Yeah, they both work. It kinda makes me uneasy because it does look like we are attempting to assign a value to null, which should cause an error, but once one understands that it's supposed to be a no-op, it seems alright. [] is perfectly okay, though. And it already fits with current semantics. I'd be okay with either one.

I still think ? is a bit clearer than null or []. As a newcomer to CoffeeScript, if I see

[null, second] = arr

then I'm wondering why there's an attempted assignment to null; and if I see

[[], second] = arr

then I'm wondering if there's some kind of fancy nested pattern-matching going on. Of course, ? is hardly self-explanatory, and perhaps it is overused...

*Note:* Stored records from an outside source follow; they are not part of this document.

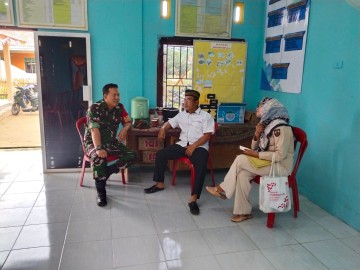 Babinsa Koramil 406-09/Terawas Laksanakan Komsos Bersama Perangkat Desa Pasenan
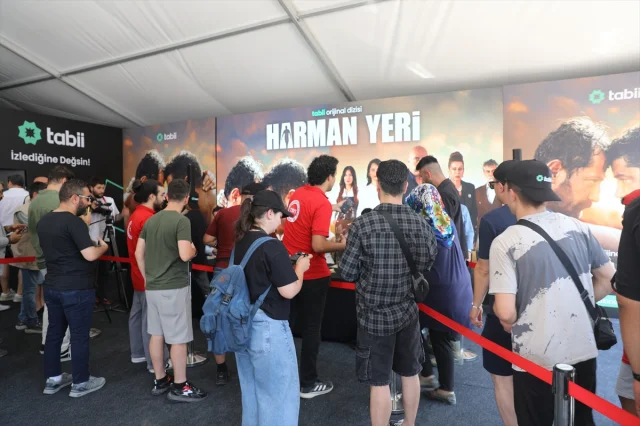 Yeni Dizi "Harman Yeri" Kırkpınar'da Pehlivanlara Tanıtıldı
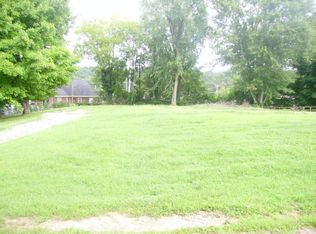 1109 Old Kentucky St N, Kingston, TN 37763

Maybe void would be better than null, since it's an invalid keyword everywhere else in CoffeeScript:

[void, second] = arr

After all, it seems a little odd to allow [null, second] = arr but not [undefined, second] = arr or [false, second] = arr or [0, second] = arr; what makes null so special?

Consider my one vote for using a period instead of a ? or null. A splat ... symbol does a great job indicating a bunch of "unknown" things and a single period indicates one "unknown" thing. The period is visually very small which makes it somewhat like the use of nothing. So I recommend

[a, ., b, c] = array

We already use periods for this function so why not stay with the period for the particular case of one item.

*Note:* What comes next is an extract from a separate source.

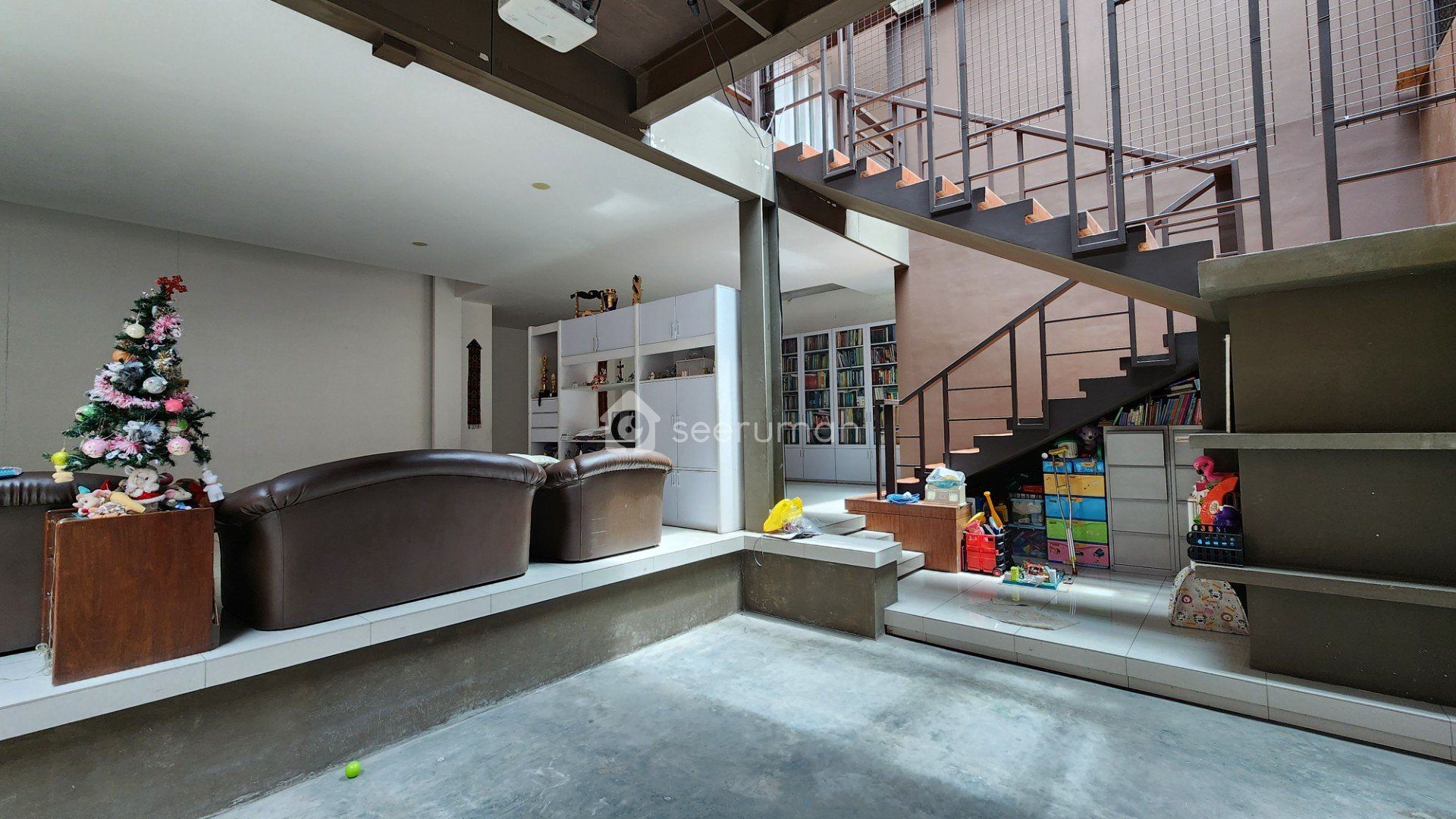 Foto 3 properti: Rumah/Ruang Usaha Sayap Riau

The destructuring assignment syntax is already one of the more punctuation-heavy parts of the language ([, ,, ], =). If we use special characters to indicate a placeholder, we run the risk of making the whole construct visually confusing. I think a keyword is clearer, and I like TrevorBurnham's suggestion of using void.

void as a placeholder makes sense. I'll probably make it work.

I don't think that having a value-skipping syntax is a good idea, unless implemented consistently across the language ... ie, in function signatures, and arrays as well as destructuring assignment, and if it can be used in destructuring assignment, it should be use-able in regular assignment as well.

So, let's stick to the destructuring syntax we already have (as of 4ce374b):

[first, [], third] = list

Into:

var first, third;
first = list[0], third = list[2];

... an empty array or object will do. Personally, I'm going to continue to name the variables.

I have reverted jashkenas' commit 4ce374b above, as its maloptimization was the cause of issues #1103 and #1274. I am opening up this issue again so someone can make a proper optimization (or maybe even implement the [a, ..., b] = c or [null, a] = b syntaxes).

Thanks for the revert.

This all seems to be sorted out now on master.

list = [1..100]

[first, [], third] = list

console.log first, third

[first, []..., last] = list

console.log first, last

Produces...

1 3
1 100